• Dataset content
——

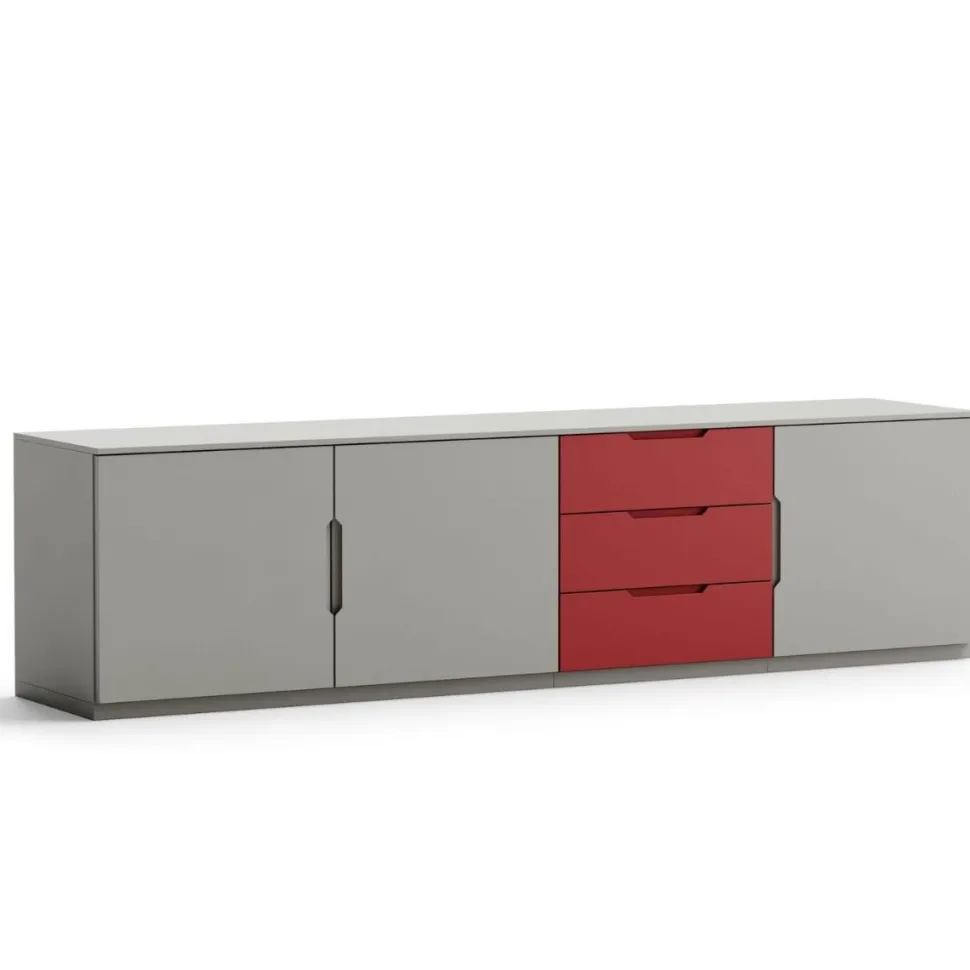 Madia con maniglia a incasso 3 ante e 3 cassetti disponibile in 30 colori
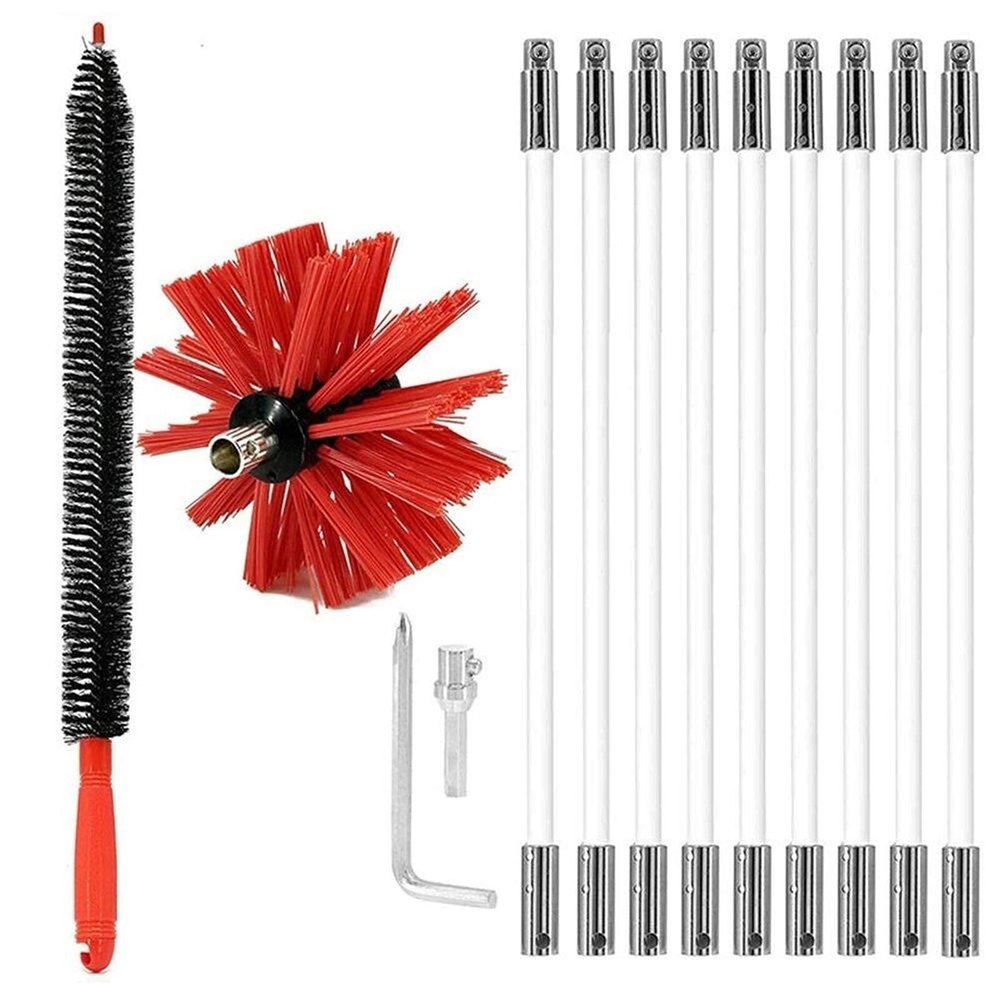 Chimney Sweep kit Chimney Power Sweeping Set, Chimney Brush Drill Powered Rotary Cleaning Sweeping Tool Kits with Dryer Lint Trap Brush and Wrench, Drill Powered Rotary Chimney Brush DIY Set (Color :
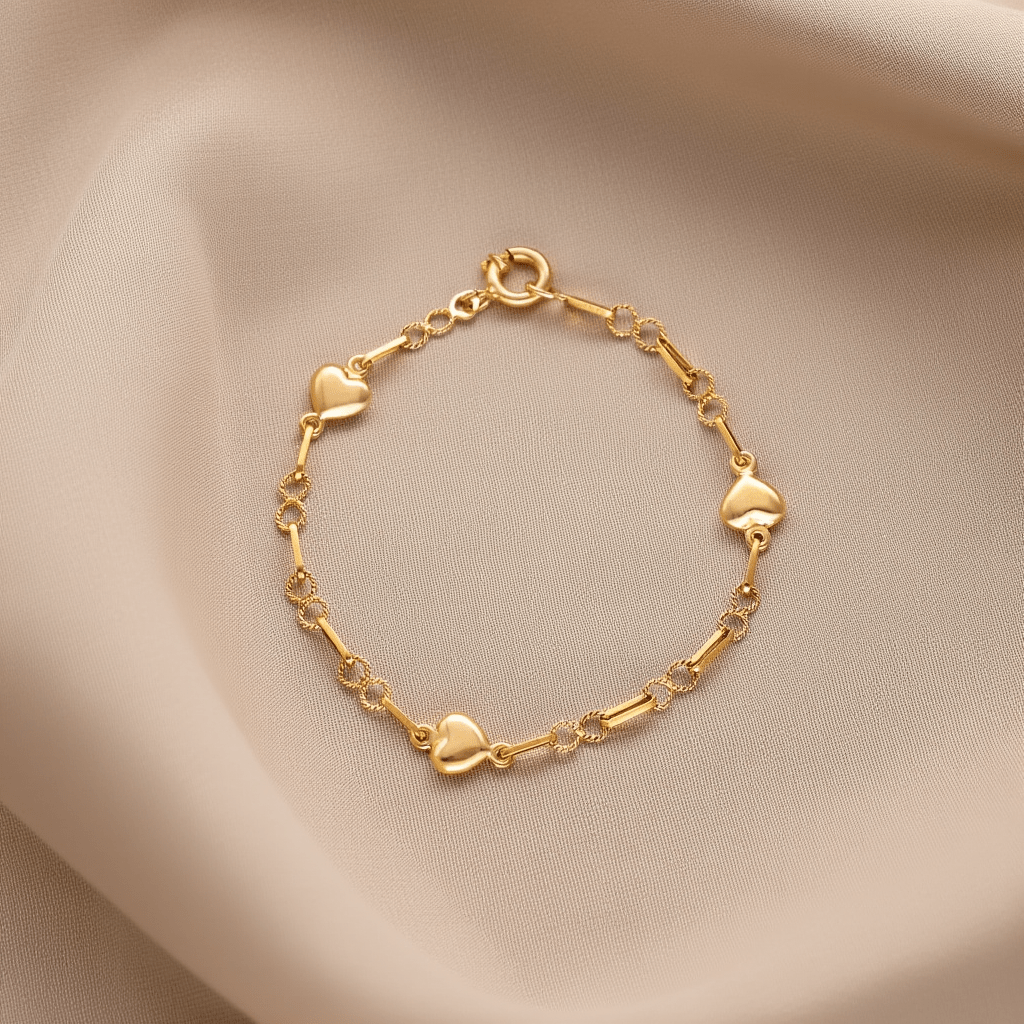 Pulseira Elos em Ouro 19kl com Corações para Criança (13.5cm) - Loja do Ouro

——

• Your objective
Strip the images and return the remaining data exactly.

• Solution for this exercise
 Madia con maniglia a incasso 3 ante e 3 cassetti disponibile in 30 colori
 Chimney Sweep kit Chimney Power Sweeping Set, Chimney Brush Drill Powered Rotary Cleaning Sweeping Tool Kits with Dryer Lint Trap Brush and Wrench, Drill Powered Rotary Chimney Brush DIY Set (Color :
 Pulseira Elos em Ouro 19kl com Corações para Criança (13.5cm) - Loja do Ouro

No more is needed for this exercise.